America's existing efforts to supply non-lethal aid to the fighters and Syrian aid groups "has nothing to do with protecting the Syrians being killed systematically by the Syrian mafia and the Air Force," he says.
He pointed to Dempsey's warning Wednesday that opposition fighters count among their ranks increasingly more radical Islamists. Dempsey agreed with directly arming the opposition a year ago, but now balks at the proposition.
"It's actually more confusing on the opposition side today than it was six months ago," Dempsey told the Senate Armed Services Committee, adding that the U.S. could not longer "could clearly identify the right people" among the rebel fighters.
Ziadeh says the presence of "al-Qaieda and the rise of Islamists" will be "a real challenge in front of the Syrians and U.S. policy."
But opposition leaders in Syria say the longer the U.S. waits to get more directly involved, the more radical groups will fill the vacuum.
"We've been predicting that," says Louay Sakka, with the Syrian Support Group. "The same argument [Depmsey] is using can be used against him: You can never make things better if you don't get involved."
Hagel announced Wednesday he was ordering a new military headquarters unit of roughly 200 troops into Amman, Jordan, to help contain Syria's chemical weapons stockpiles. This does little to assure the Syrians, Sakka says, as the Jordanian border on the south side of the country lies over 300 miles away from the northerly Syrian city of Aleppo.
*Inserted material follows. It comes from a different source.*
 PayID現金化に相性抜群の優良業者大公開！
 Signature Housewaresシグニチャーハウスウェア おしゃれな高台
That bastion of the rebellion made headlines almost exactly a month ago when reports circulated that the Assad regime had used chemical weapons there.
President Barack Obama had made assurances that the use of chemical weapons would cross "a red line" and lead to unnamed consequences. So far, the only response the Syrians have witnessed is a U.N. investigative team that was blocked from the purported chemical weapons target.
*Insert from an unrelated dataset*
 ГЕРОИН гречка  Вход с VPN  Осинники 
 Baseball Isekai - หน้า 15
"Everyone knows the U.S. is not serious," says Ziadeh. "The Assad regime uses [weapons] in larger scales, and they know there will be no response."
"The U.S. is in a very, very weak position. They have done nothing, except watching and counting the casualties like we do."
Sakka says the U.S. must take an active role at least in helping to organize the military response, such as committing military advisors to the opposition's Supreme Military Council.
"It has a symbolic side which plays on psychological warfare," he says. "I'm talking about more than symbolic. I'm talking about actual coordination."
"The U.S has to take action by targeted air strikes," says Ziadeh. "Or [enforcing] a safety zone, or anything that will affect the civilians."
The Syrian's image of the U.S. is damaged, he said, but there is still a chance to regain control of the country if the U.S. seeks to lead an international coalition.